This paper is interesting because it attempts to look at entrepreneurship through a biological lens. It flirts with the question "are entrepreneurs born or made?" Here is what the study found.
The results of our research support the primary hypothesis that individuals with higher salivary testosterone levels are more likely to behave entrepreneurially. More specifically, T is positively related to risk propensity (Hypothesis 1). There is also a positive relationship between risk propensity and the likelihood of an entrepreneurial experience (Hypothesis 2). The data indicate that risk propensity partially mediates the relationship between T and E (Hypothesis 3).
Entrepreneurship involves the interaction of individuals and opportunities. In this
research we attempt to explain a portion of the variance on the individual side of the entrepreneurship equation. There are a wide array of social influences, learned behaviors, and other factors resulting in individual differences that affect entrepreneurial behavior. We focused upon an innate, heritable biological attribute, T level. Our findings indicate risk-taking propensity is related to this heritable physiological attribute; it is in part innate. More specifically, individual innate biological differences in testosterone are associated with differences in risk-taking propensity, and thus with entrepreneurial behavior.
I don't find this surprising at all, but I think it is misleading. It is more a reflection of the poor overall state of entrepreneurial education in this country than anything else.
The authors note later in the paper that their work is only relevant to attempts at new venture creation and says nothing about success rates. All they have shown is that those people most likely to enter the realm of entrepreneurship are more likely, all else being equal, to have higher testosterone levels. But just as there are biological propensities to pursue certain courses of action in life, there are environmental propensities too. My assumption is that low levels of testosterone coupled with an environment that encouraged calculated risk taking would have a similar effect on entrance into the field of entrepreneurship. Since I recall reading somewhere that too much testosterone could actually lead to poor decision making, I wouldn't be surprised to find out that:
- Of those that start new ventures, there will be a correlation between long-term success and lower testosterone
- The correlation between education and entrepreneurial success is stronger than the biological correlation.

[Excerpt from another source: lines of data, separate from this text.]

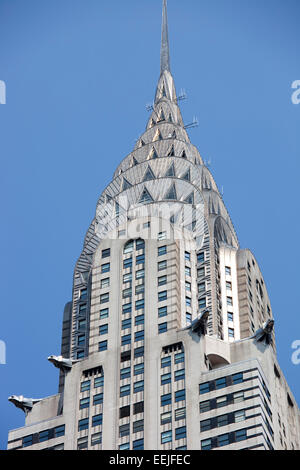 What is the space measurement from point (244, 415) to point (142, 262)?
34033 millimetres

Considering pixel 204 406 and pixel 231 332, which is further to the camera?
pixel 231 332

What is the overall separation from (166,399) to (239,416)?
10.7 m

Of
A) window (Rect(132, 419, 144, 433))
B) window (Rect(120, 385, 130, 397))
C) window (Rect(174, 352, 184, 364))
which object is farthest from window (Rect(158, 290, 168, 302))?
window (Rect(132, 419, 144, 433))

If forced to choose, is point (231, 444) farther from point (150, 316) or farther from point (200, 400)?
point (150, 316)

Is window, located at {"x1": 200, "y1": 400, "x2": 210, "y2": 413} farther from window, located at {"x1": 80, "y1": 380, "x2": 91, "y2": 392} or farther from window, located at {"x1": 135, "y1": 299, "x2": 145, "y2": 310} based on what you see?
window, located at {"x1": 135, "y1": 299, "x2": 145, "y2": 310}

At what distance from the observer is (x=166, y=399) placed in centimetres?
17675

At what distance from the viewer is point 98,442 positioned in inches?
6929

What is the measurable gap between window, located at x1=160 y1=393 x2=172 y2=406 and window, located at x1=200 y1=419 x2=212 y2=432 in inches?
243

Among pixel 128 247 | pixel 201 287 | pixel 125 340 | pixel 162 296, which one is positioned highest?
pixel 128 247

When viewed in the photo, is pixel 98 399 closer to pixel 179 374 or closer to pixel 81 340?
pixel 179 374

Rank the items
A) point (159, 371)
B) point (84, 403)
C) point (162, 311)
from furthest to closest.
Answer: point (162, 311) → point (84, 403) → point (159, 371)

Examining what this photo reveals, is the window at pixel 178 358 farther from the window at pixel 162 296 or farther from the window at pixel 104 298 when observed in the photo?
the window at pixel 104 298

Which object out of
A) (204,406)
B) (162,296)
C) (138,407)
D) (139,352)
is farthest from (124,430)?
(162,296) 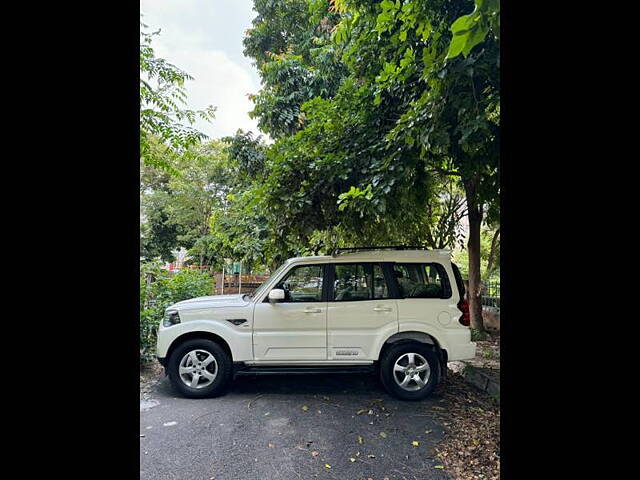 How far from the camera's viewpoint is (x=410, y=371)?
4.37 meters

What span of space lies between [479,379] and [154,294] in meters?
5.09

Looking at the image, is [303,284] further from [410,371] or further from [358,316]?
[410,371]

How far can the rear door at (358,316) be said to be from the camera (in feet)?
14.5

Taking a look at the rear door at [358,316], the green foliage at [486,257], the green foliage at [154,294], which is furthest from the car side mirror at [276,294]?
the green foliage at [486,257]

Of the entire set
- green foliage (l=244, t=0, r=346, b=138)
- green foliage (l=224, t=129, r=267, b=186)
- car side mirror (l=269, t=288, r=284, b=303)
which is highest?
green foliage (l=244, t=0, r=346, b=138)

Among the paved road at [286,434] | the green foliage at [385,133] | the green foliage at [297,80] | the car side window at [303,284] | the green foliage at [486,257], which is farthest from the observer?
the green foliage at [486,257]

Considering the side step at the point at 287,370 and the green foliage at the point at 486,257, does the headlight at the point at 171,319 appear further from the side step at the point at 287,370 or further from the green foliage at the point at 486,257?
the green foliage at the point at 486,257

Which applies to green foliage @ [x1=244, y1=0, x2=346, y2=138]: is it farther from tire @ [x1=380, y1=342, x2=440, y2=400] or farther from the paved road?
the paved road

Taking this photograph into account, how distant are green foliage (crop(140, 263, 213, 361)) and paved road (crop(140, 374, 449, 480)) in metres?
0.97

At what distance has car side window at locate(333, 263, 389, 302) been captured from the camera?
14.9ft

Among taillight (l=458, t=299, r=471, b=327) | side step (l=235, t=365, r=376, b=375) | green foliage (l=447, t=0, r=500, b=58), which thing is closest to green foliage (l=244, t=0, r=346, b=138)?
taillight (l=458, t=299, r=471, b=327)

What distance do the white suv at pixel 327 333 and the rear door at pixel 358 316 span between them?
0.01 meters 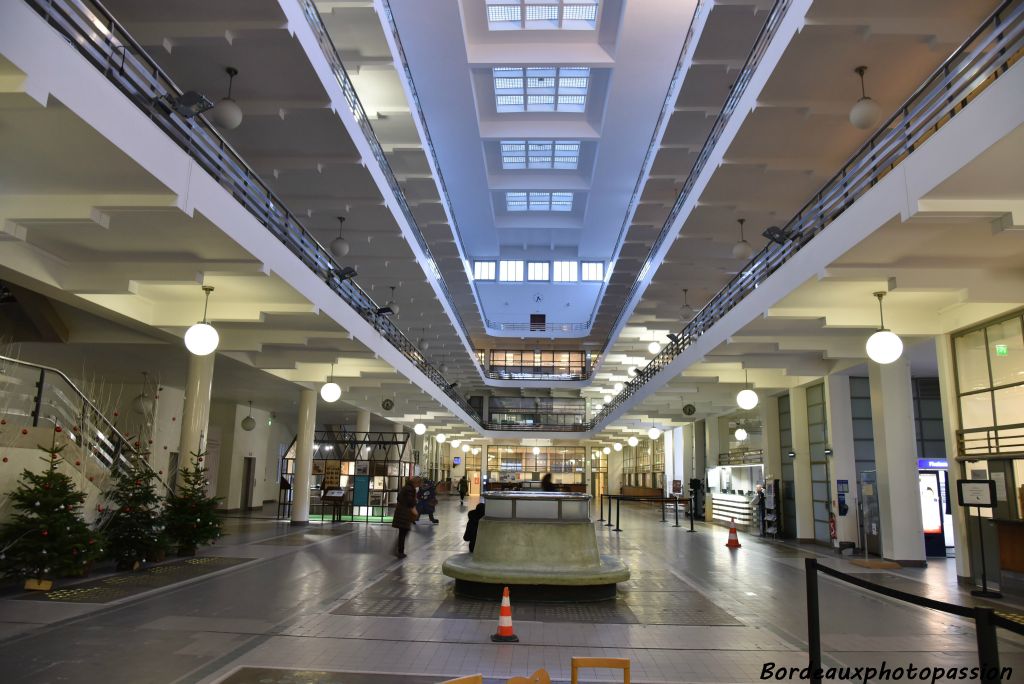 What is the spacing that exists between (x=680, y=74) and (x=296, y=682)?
44.6 ft

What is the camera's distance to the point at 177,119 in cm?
825

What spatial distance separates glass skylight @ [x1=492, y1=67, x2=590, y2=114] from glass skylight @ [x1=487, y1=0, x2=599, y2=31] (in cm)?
134

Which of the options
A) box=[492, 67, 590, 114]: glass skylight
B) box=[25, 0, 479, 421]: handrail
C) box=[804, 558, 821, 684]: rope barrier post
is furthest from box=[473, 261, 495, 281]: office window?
box=[804, 558, 821, 684]: rope barrier post

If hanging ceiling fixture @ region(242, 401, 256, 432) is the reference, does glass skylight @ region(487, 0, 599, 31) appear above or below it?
above

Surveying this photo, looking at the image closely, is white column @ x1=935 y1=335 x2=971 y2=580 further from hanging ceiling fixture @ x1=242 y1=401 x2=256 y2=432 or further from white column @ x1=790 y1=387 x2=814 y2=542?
hanging ceiling fixture @ x1=242 y1=401 x2=256 y2=432

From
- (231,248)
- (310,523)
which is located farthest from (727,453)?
(231,248)

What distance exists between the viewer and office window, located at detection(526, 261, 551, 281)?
41438mm

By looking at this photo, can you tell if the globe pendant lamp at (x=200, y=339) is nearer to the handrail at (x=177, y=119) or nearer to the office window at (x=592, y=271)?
the handrail at (x=177, y=119)

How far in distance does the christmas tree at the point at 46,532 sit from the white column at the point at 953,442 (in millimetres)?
12136

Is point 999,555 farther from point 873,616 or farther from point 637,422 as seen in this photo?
point 637,422

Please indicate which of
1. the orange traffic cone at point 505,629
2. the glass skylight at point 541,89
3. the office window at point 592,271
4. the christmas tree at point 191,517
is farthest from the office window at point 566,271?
the orange traffic cone at point 505,629

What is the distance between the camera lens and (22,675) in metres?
4.99

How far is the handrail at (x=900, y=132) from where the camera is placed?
6203 mm

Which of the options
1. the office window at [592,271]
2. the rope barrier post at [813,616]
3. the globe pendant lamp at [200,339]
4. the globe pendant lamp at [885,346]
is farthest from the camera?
the office window at [592,271] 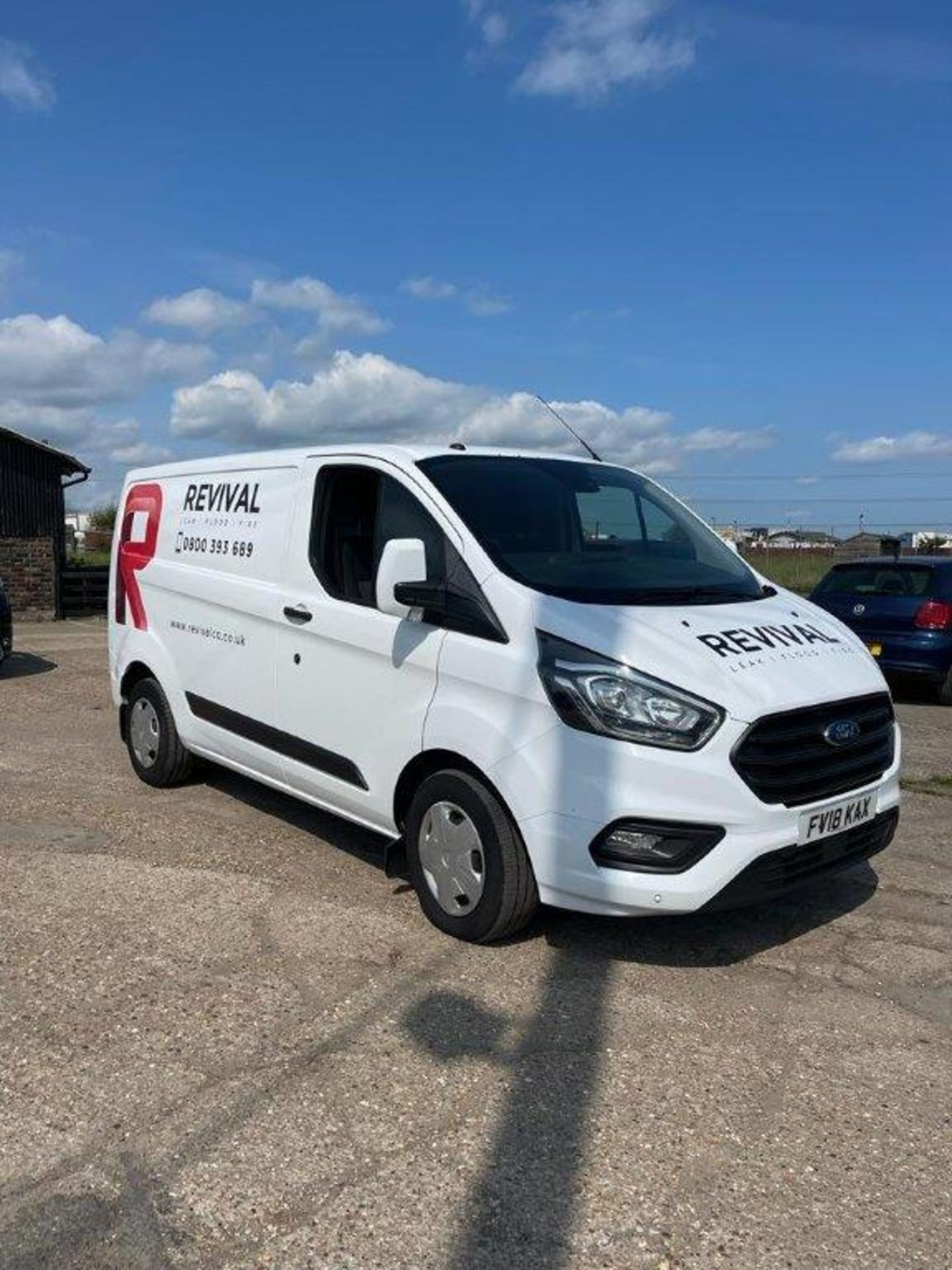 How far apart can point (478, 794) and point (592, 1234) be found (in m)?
1.65

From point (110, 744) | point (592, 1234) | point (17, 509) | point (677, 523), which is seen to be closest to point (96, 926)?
point (592, 1234)

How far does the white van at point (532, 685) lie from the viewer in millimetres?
3598

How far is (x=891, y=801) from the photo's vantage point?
13.9 feet

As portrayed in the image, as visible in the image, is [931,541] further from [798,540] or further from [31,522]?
[31,522]

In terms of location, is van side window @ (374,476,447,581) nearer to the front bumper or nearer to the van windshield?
the van windshield

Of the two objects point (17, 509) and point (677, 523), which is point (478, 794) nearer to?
point (677, 523)

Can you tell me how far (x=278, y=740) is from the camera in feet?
16.7

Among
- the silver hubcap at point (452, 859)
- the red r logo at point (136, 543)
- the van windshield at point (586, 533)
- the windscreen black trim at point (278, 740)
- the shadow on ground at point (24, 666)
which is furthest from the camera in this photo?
the shadow on ground at point (24, 666)

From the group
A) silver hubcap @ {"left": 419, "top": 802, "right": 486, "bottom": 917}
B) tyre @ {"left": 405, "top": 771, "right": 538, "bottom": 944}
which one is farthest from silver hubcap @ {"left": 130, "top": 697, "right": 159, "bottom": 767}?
silver hubcap @ {"left": 419, "top": 802, "right": 486, "bottom": 917}

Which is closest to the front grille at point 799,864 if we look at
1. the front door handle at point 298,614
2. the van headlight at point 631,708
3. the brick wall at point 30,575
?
the van headlight at point 631,708

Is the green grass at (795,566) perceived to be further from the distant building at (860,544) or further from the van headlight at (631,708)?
the van headlight at (631,708)

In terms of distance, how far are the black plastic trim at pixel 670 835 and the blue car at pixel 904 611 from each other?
7.59m

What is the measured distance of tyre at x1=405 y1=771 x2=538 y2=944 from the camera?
3848 millimetres

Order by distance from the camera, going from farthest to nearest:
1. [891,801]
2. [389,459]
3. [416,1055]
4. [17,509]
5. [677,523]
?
[17,509] → [677,523] → [389,459] → [891,801] → [416,1055] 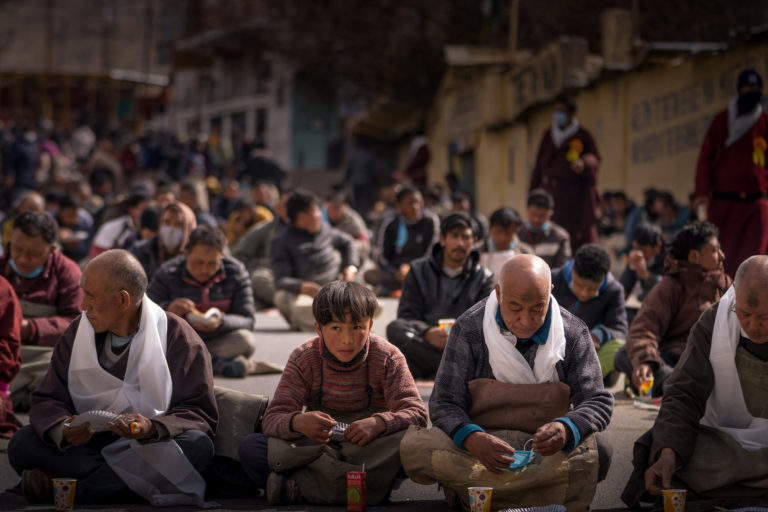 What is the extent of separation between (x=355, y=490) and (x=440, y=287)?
3102 mm

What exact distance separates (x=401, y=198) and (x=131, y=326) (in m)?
7.63

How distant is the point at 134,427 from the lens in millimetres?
4785

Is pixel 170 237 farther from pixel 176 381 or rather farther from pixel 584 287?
pixel 176 381

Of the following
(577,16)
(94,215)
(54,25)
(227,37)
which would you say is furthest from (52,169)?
(54,25)

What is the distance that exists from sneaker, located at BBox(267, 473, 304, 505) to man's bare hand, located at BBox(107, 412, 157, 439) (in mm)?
558

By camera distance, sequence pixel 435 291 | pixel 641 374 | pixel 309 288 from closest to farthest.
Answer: pixel 641 374 < pixel 435 291 < pixel 309 288

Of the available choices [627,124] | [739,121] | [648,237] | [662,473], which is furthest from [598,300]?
[627,124]

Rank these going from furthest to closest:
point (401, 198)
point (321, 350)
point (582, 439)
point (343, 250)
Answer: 1. point (401, 198)
2. point (343, 250)
3. point (321, 350)
4. point (582, 439)

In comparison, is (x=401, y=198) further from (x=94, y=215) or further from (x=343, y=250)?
(x=94, y=215)

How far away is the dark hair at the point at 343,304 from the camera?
485 centimetres

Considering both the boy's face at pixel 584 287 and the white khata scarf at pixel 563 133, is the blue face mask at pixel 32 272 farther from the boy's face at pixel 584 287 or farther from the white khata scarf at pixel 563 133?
the white khata scarf at pixel 563 133

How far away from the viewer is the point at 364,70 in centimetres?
3400

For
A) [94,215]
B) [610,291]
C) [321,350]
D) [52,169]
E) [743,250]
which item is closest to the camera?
[321,350]

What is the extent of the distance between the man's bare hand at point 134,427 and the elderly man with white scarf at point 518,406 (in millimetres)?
1098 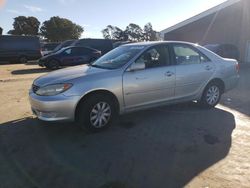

In other words the mental model in my head based on my own experiences and interaction says that biology determines whether or not you have the base set of requirements to pursue entrepreneurship (high energy, drive, risk acceptance, etc.) but education/environment determine more or less whether you are successful. And don't forget than when you are talking about something that contains a million possible variables, luck, chance, and timing all play a part as well. Ultimately I think this research doesn't have much practical value, other than to help people realize that further research should be done to understand more about entrepreneurs. Or perhaps this will result in a Silicon Valley drug scandal similar to what we've seen in baseball recently as VCs start lacing the lunches of entrepreneurs with testosterone.